▸ Problem requirements: Scan the records below for the line with "Priza simpla SCHUKO, 16A, 250V" and the line with "2015 Nissan Micra", and retype that range exactly, both ends included, pictures excepted.

▸ Information provided:
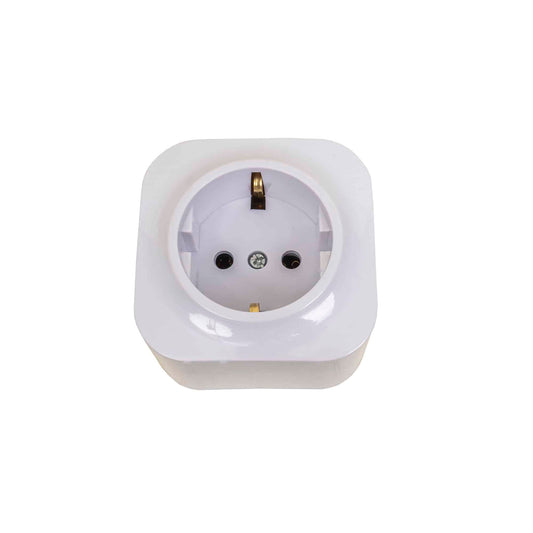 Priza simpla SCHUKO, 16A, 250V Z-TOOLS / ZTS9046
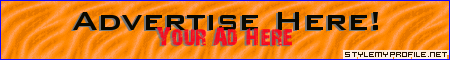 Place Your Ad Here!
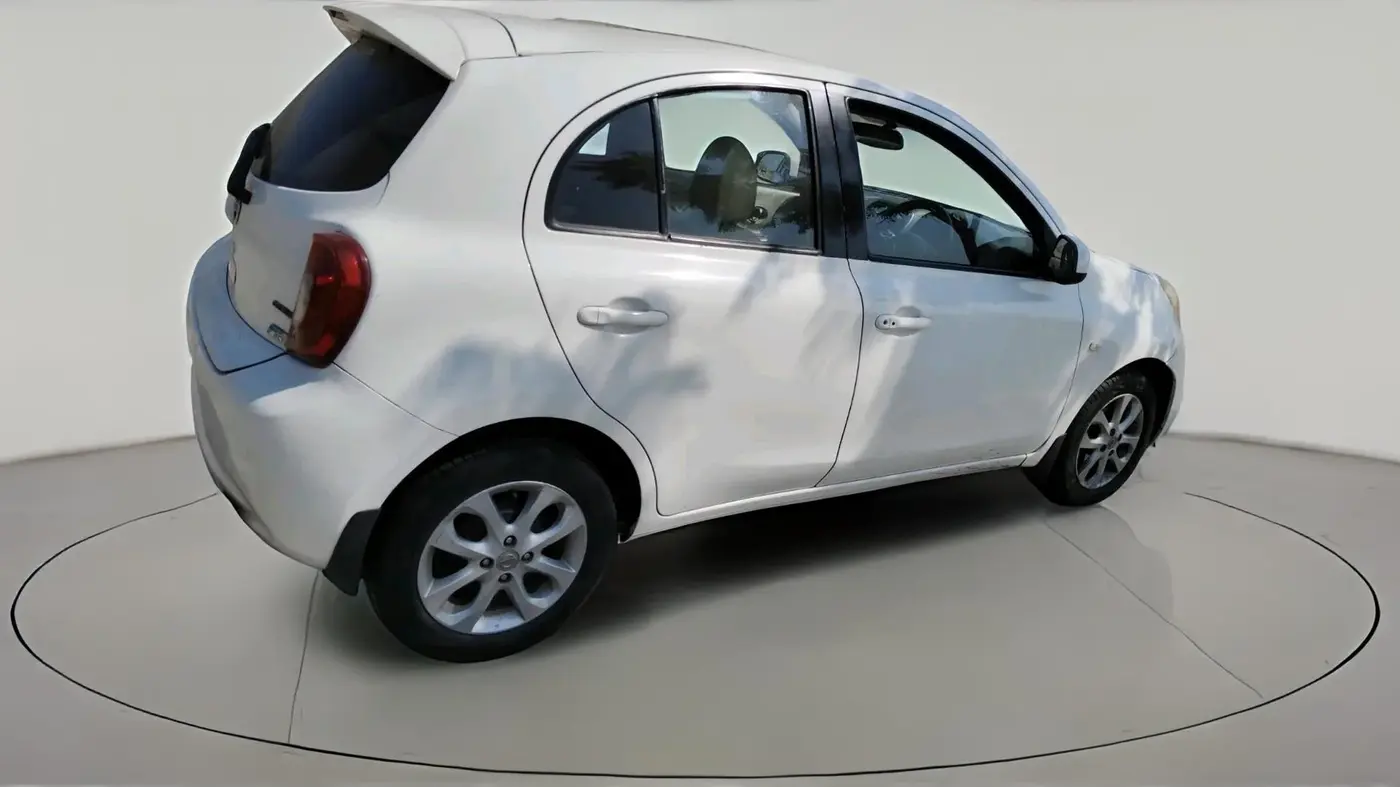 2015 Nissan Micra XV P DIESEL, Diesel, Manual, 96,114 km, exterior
...
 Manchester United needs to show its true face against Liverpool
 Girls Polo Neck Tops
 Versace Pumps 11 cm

▸ Expected answer:
 Priza simpla SCHUKO, 16A, 250V Z-TOOLS / ZTS9046
 Place Your Ad Here!
 2015 Nissan Micra XV P DIESEL, Diesel, Manual, 96,114 km, exterior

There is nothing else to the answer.